Task goal
An exact copy of the entries below is required, with all pictures removed.

Source material
◇ ◇ ◇

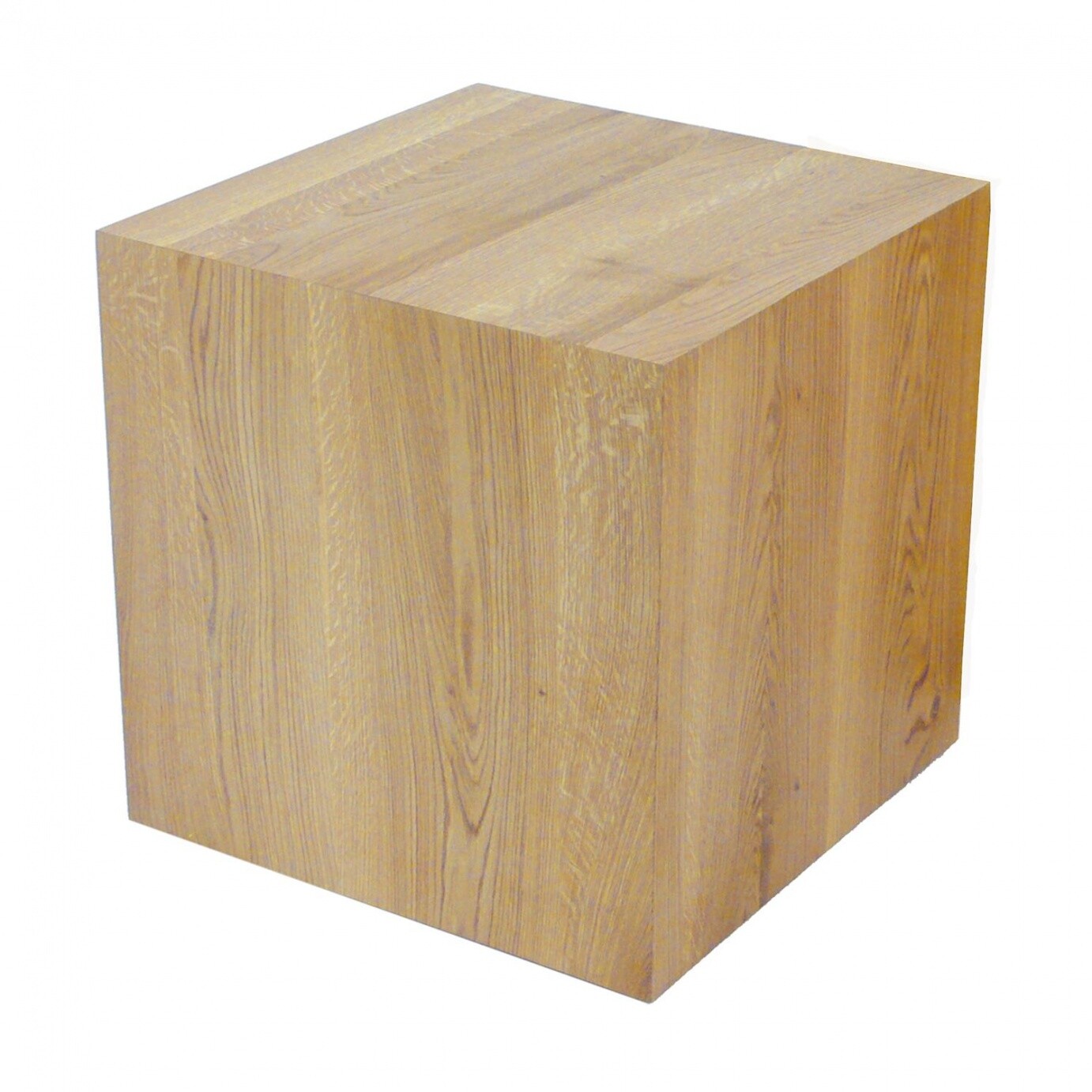 Roll-it Stool / Side Table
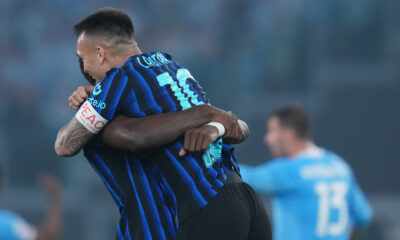 Lautaro Martinez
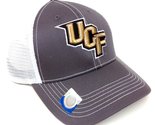 NCAA Grey Ghost UCF Knights Mesh Trucker Snapback - $28.37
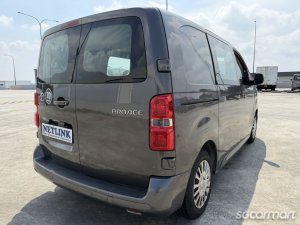 Toyota ProAce 1.6M Comfort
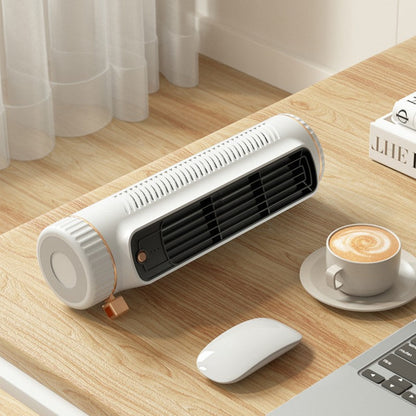 Skorter | Desktop Mini Silent Refrigerated Electric Fan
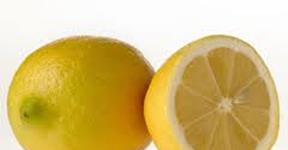 Lemon Beauty Tips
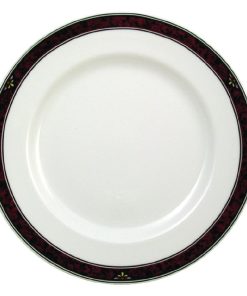 Churchill Venice Classic Plates 202mm (Pack of 24) (M354)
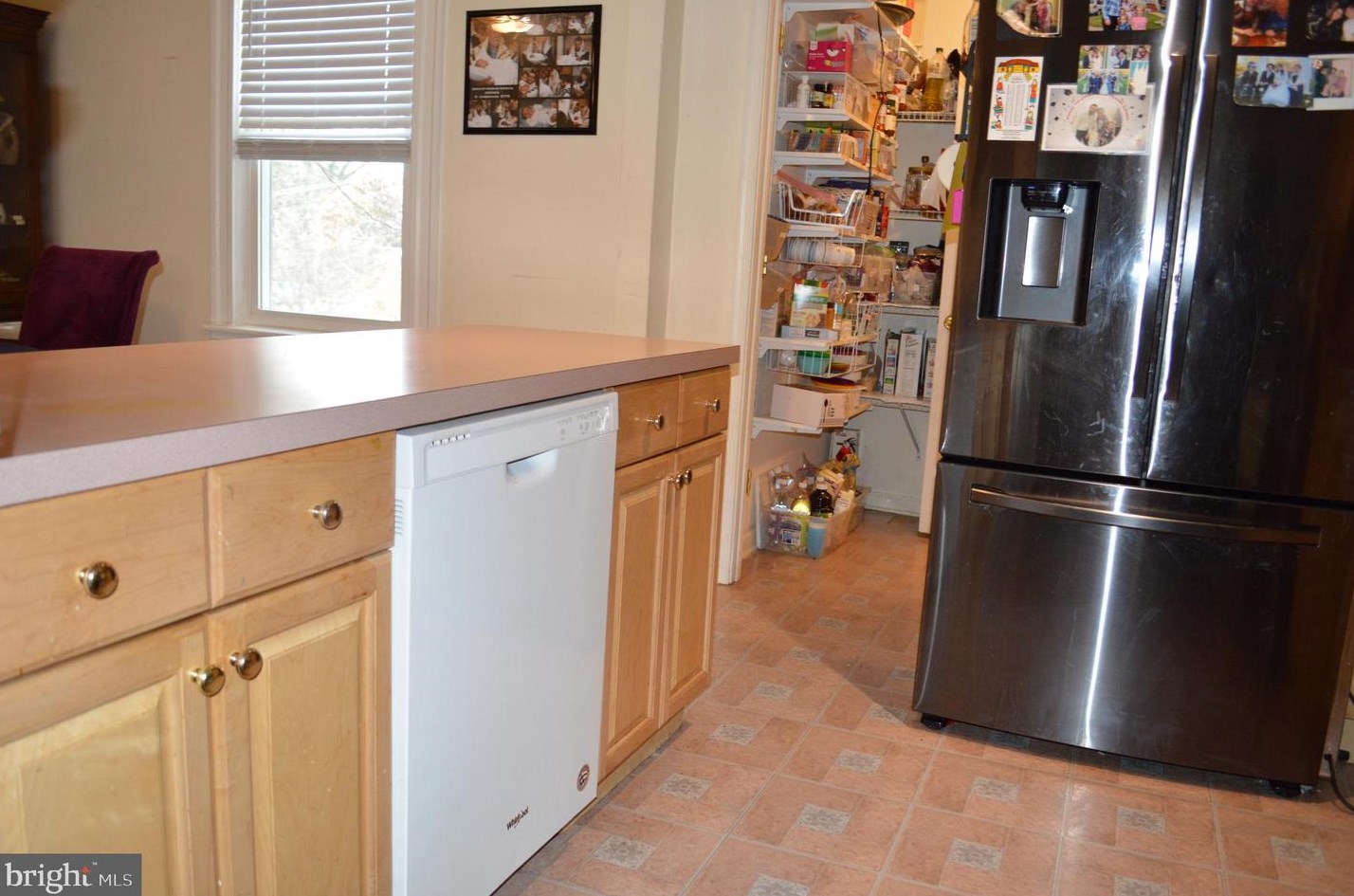 3506 Menlo Dr, Baltimore MD  21215-3830 exterior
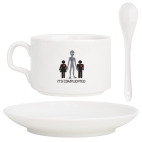 Кофейный набор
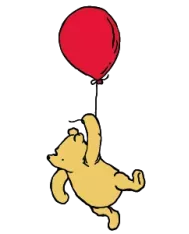 T-shirt homme personnalisé - Dessins animés et manga - "Ours gourmand"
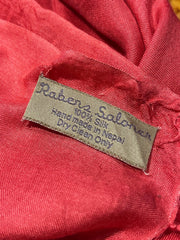 Rabens Saloner - Tørklæde - One Size
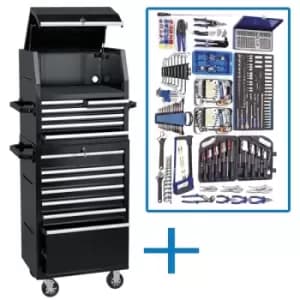 Draper Expert 98886 Workshop Tool Kit (i)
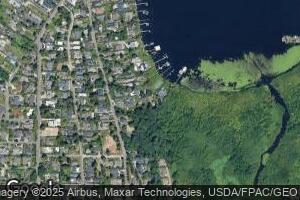 9530 NE 42nd Place, Yarrow Point, WA 98004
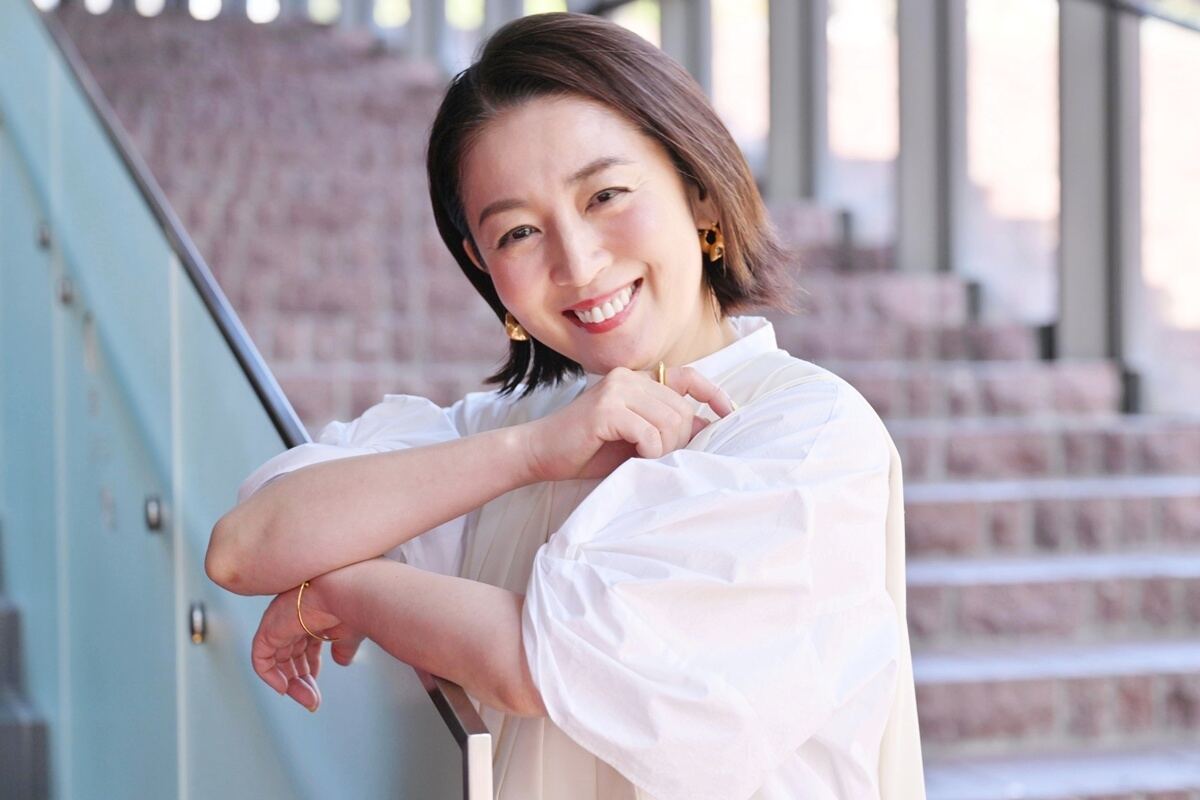 酒井美紀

◇ ◇ ◇

Answer to this problem
 Roll-it Stool / Side Table
 Lautaro Martinez
 NCAA Grey Ghost UCF Knights Mesh Trucker Snapback - $28.37
 Toyota ProAce 1.6M Comfort
 Skorter | Desktop Mini Silent Refrigerated Electric Fan
 Lemon Beauty Tips
 Churchill Venice Classic Plates 202mm (Pack of 24) (M354)
 3506 Menlo Dr, Baltimore MD  21215-3830 exterior
 Кофейный набор
 T-shirt homme personnalisé - Dessins animés et manga - "Ours gourmand"
 Rabens Saloner - Tørklæde - One Size
 Draper Expert 98886 Workshop Tool Kit (i)
 9530 NE 42nd Place, Yarrow Point, WA 98004
 酒井美紀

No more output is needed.